I'm interested to know what people's experiences have been (good and bad) using SharePoint Online. 

    2 replies

    Matt-Tech Comm Tools
    Community Expert
    Community Expert
    September 8, 2025

    SPO seems to work quite well, though I've not banged on it extensively.

    SharePoint (Not SharePoint Online) is certainly a different story.
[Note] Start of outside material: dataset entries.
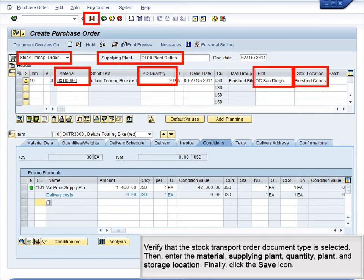Verify that the stock transport order document type is selected, then enter the material, supplying plant, quantity, plant and storage location. Finally, click the Save icon.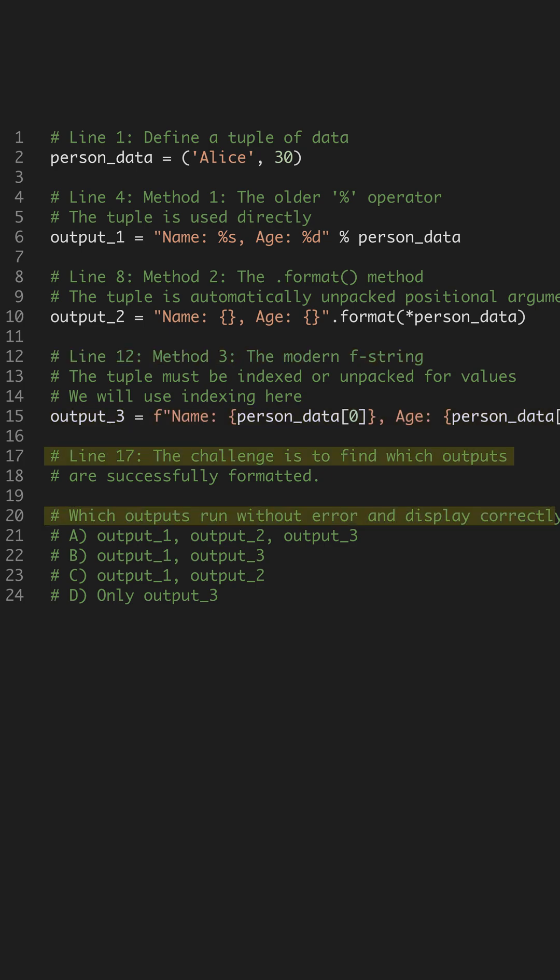used correctly, the percent operator handles the tuple directly, format is unpacked, and the f-string is indexed, the correct answer is A. All three outputs are successfully formatted.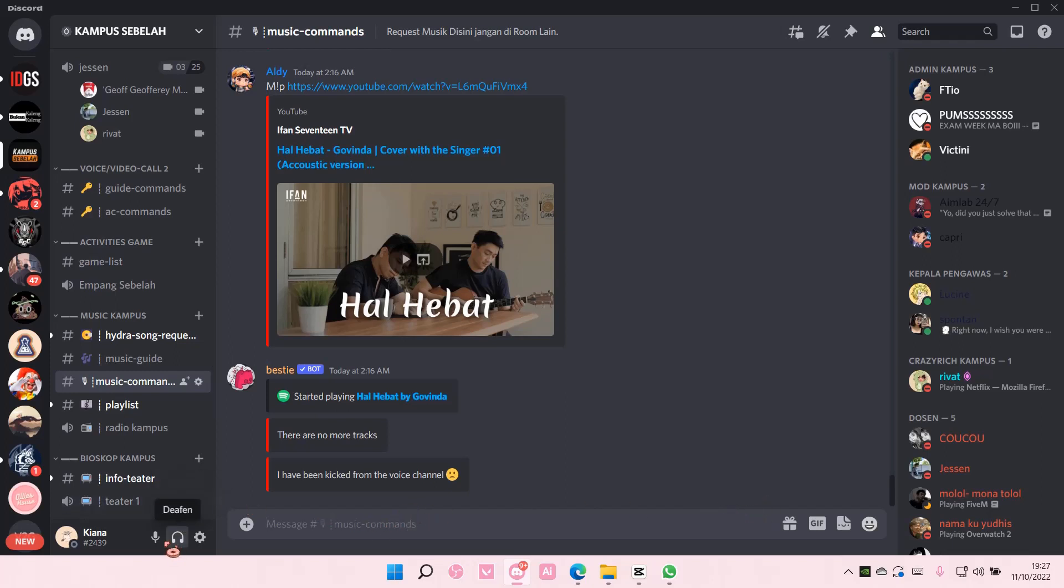So you usually just press these, but if you're on another app and you just want to deafen and mute without having to go on Discord,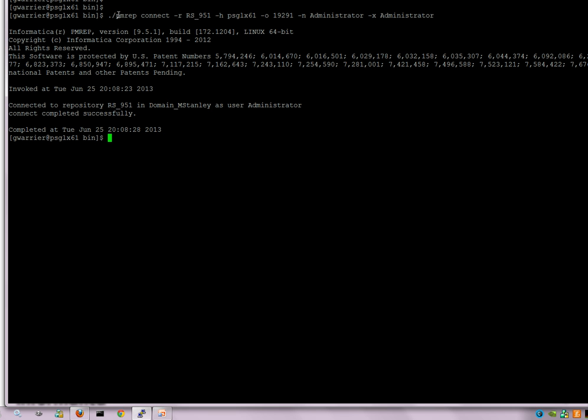Now one would not want to specify the password in plain text when you're scripting it. So in order to encrypt the password, you have to use the PM password command to encrypt it and set it in an environment variable. This is how you would do it.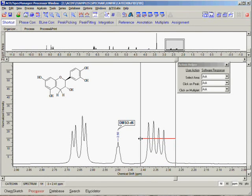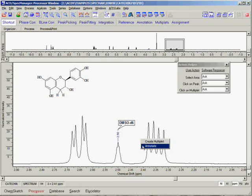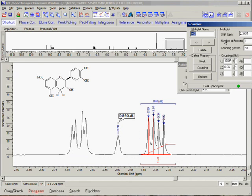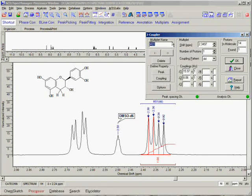When we are satisfied with the peak level threshold, we release the left mouse button and are once again given the option to either annotate this region or create a multiplet. In this case, we select the Create Multiplet option and the multiplet is automatically created. Note that a new dialog box appears which is referred to as J-Coupler. This box provides all the multiplet information for the currently selected multiplet. Notice that the software has characterized this multiplet as a doublet of doublets and has automatically determined the coupling constants for this multiplet.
    -Matt Sullivan, FrameMaker Course Creator, Author, Trainer, Consultant
    Jeff_Coatsworth
    Community Expert
    Community Expert
    September 2, 2025

    Do you have multiple authors working on the FM content right now? If so, how are you handling it presently? I would still continue to check out FM content to work on it locally before checking it back into SP.

    QuintinSeegers
    Legend
    September 2, 2025

    Hi @Jeff_Coatsworth 

    We do, but it is highly unlikely that they would happen to be working on the same document at the same time. Presently, if they do open a file and FrameMaker comes up with the standard dialogue that the file is locked, they know it is in use by someone else and come back to it once the other person is done with the file.  That is one of the scenarios I'm unsure how SharePoint would handle it. The last thing I want is for files to be overwritten and updates being lost because it was edited by multiple authors at the same time.

    Jeff_Coatsworth
    Community Expert
    Community Expert
    September 3, 2025

    I think the SP connector does that sort of thing to check out a file to be worked on locally; locking it so that somebody else can't work on it until it's checked back in. Others have reported issues in actually getting it to connect properly.